ERIC Number: ED369111
Record Type: RIE
Publication Date: 1993-Nov
Reference Count: N/A
Impacts of Cross-Cultural Mass Media in Iceland, Northern Minnesota, and Francophone Canada in Retrospect.
Payne, David E.
Comparison of data gathered in the late 1970s to data gathered in the early 1990s indicates that while communication researchers remain convinced that effects of intercultural mass media exist, they also acknowledge that no clear, useful theoretical framework exists. Data were analyzed, compared, and reported in the late 1970s from three sites--Iceland, northern Minnesota, and Quebec. Data were gathered concerning television viewing habits, source of television broadcasts (from Canada, the United States, Iceland), or no television at all and the perceived effects of television viewing. Comparison of these studies indicated that: (1) even using the same measures, different cultural settings resulted in different outcomes; (2) the effects of media, interpersonal, and sociolinguistic variables were not uniform for different categories of dependent variables; and (3) changes in attitudes, agendas, and information levels had complex causes with many contributing factors. Comparisons of these studies to those done in the early 1990s indicated that not much had changed. Both sets of studies have the same four problems: the findings across settings were not consistent; the theoretical frameworks were not useful in explaining the inconsistencies; obtaining sufficient control over independent and extraneous forces was difficult; and the strength of the effect was small.
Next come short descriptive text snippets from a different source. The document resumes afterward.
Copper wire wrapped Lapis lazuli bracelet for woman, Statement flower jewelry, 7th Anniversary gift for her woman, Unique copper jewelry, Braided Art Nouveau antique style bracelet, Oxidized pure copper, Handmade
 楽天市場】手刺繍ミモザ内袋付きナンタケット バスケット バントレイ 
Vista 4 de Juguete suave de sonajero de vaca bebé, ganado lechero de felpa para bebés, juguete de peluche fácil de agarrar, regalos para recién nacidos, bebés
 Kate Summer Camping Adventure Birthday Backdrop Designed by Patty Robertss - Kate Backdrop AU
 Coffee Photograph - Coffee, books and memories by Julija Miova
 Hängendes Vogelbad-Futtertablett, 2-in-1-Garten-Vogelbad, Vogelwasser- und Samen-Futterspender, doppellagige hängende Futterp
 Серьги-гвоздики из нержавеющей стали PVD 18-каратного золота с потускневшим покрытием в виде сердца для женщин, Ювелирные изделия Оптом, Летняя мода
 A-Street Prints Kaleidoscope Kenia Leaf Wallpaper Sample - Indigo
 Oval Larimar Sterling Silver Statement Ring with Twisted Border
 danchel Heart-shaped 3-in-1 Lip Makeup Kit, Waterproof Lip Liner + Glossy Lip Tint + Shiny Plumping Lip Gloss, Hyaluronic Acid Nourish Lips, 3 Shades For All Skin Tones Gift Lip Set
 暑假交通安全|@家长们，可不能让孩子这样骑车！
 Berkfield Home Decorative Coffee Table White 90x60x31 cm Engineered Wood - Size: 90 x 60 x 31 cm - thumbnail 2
Researchers should avoid dogmatic over-generalization of findings in the absence of a suitable theory. (Contains 24 references.) (RS)
Publication Type: Speeches/Meeting Papers; Information Analyses; Opinion Papers
Education Level: N/A
Authoring Institution: N/A
Identifiers: Iceland; Minnesota; Quebec
Note: Paper presented at the Annual Meeting of the Speech Communication Association (79th, Miami Beach, FL, November 18-21, 1993).